Begin at the line containing "Apartamento T3 para" and copy exactly through the last line of the listing, skipping every picture.

EXTRACTED INFORMATION:
══════

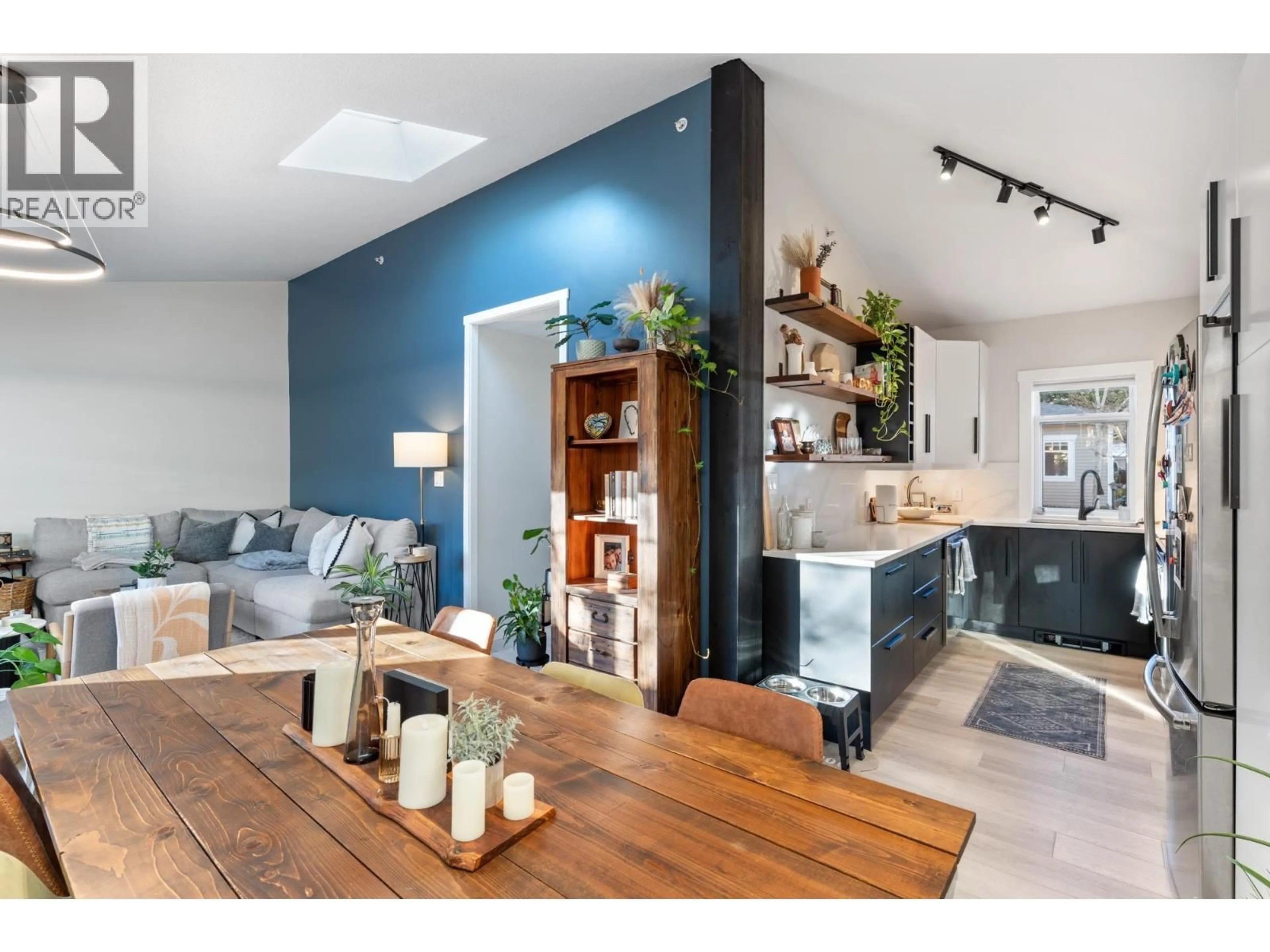 Open concept kitchen, unknown for 32 - 1821 WILLOW CRESCENT, Squamish British Columbia V8B0L9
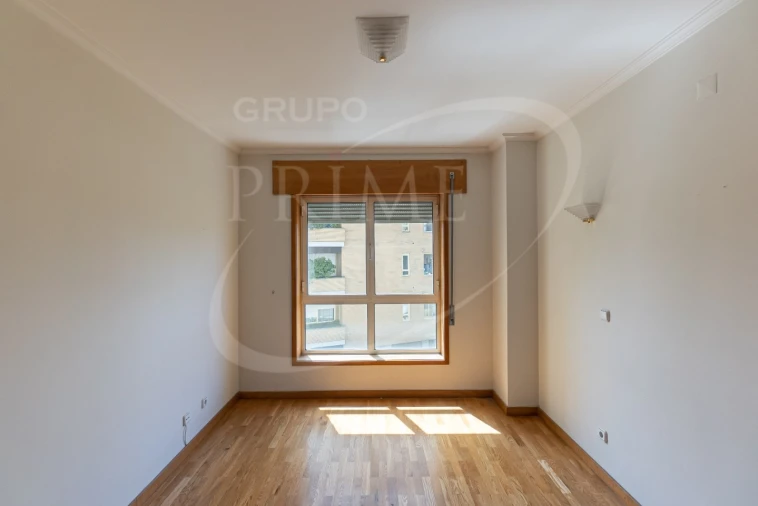Apartamento T3 para Venda em Aldoar, Foz do Douro e Nevogilde Foto 14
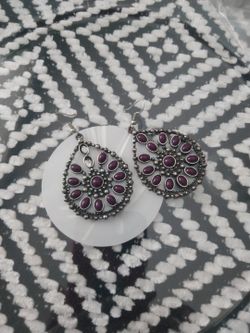 Vintage Earrings With Purple Stone 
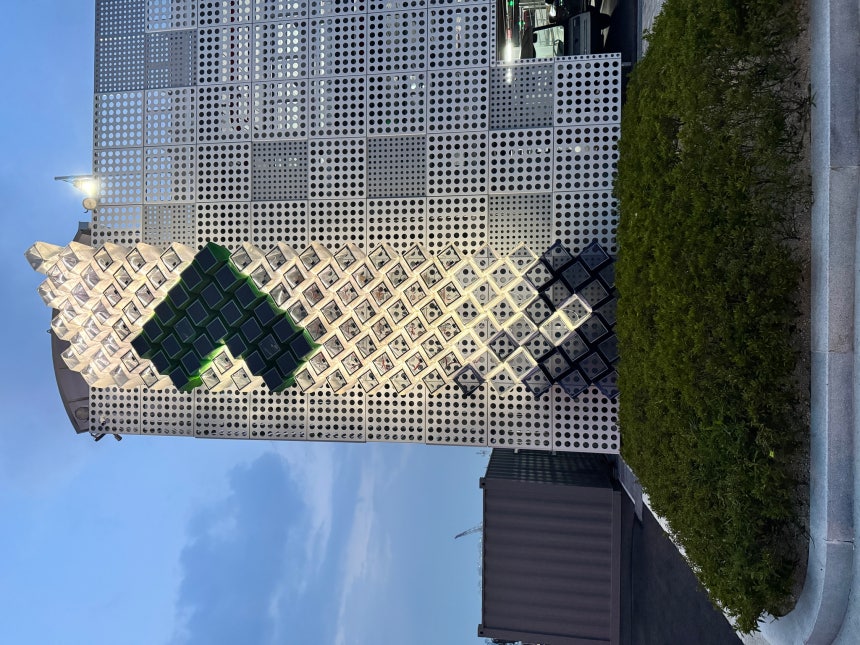 HD현대건설기계 울산공장 외벽에 실증 설치된 3D 프린팅 융합 태양광 모듈 모습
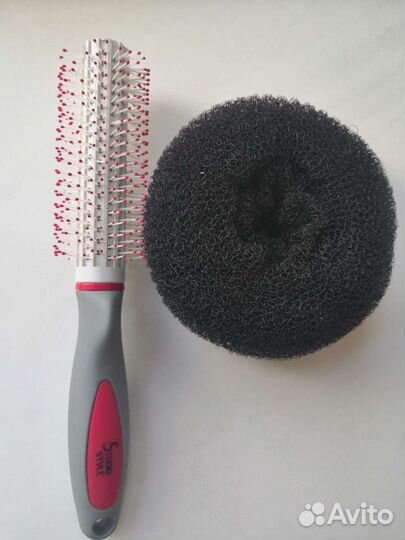 Расчёска, валик (бублик) для волос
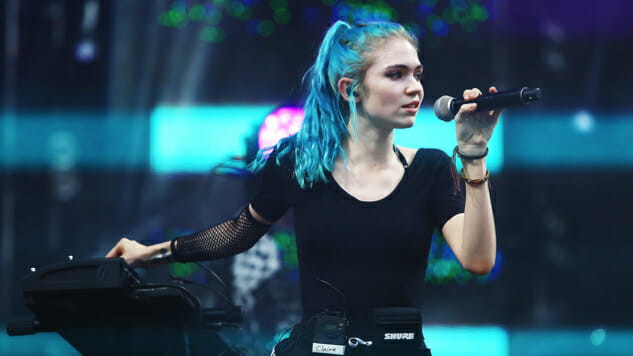 Grimes Is Wrapping Up Her New Album and Wants to “Drop All at Once”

══════

FINISHED TASK:
Apartamento T3 para Venda em Aldoar, Foz do Douro e Nevogilde Foto 14
 Vintage Earrings With Purple Stone 
 HD현대건설기계 울산공장 외벽에 실증 설치된 3D 프린팅 융합 태양광 모듈 모습
 Расчёска, валик (бублик) для волос
 Grimes Is Wrapping Up Her New Album and Wants to “Drop All at Once”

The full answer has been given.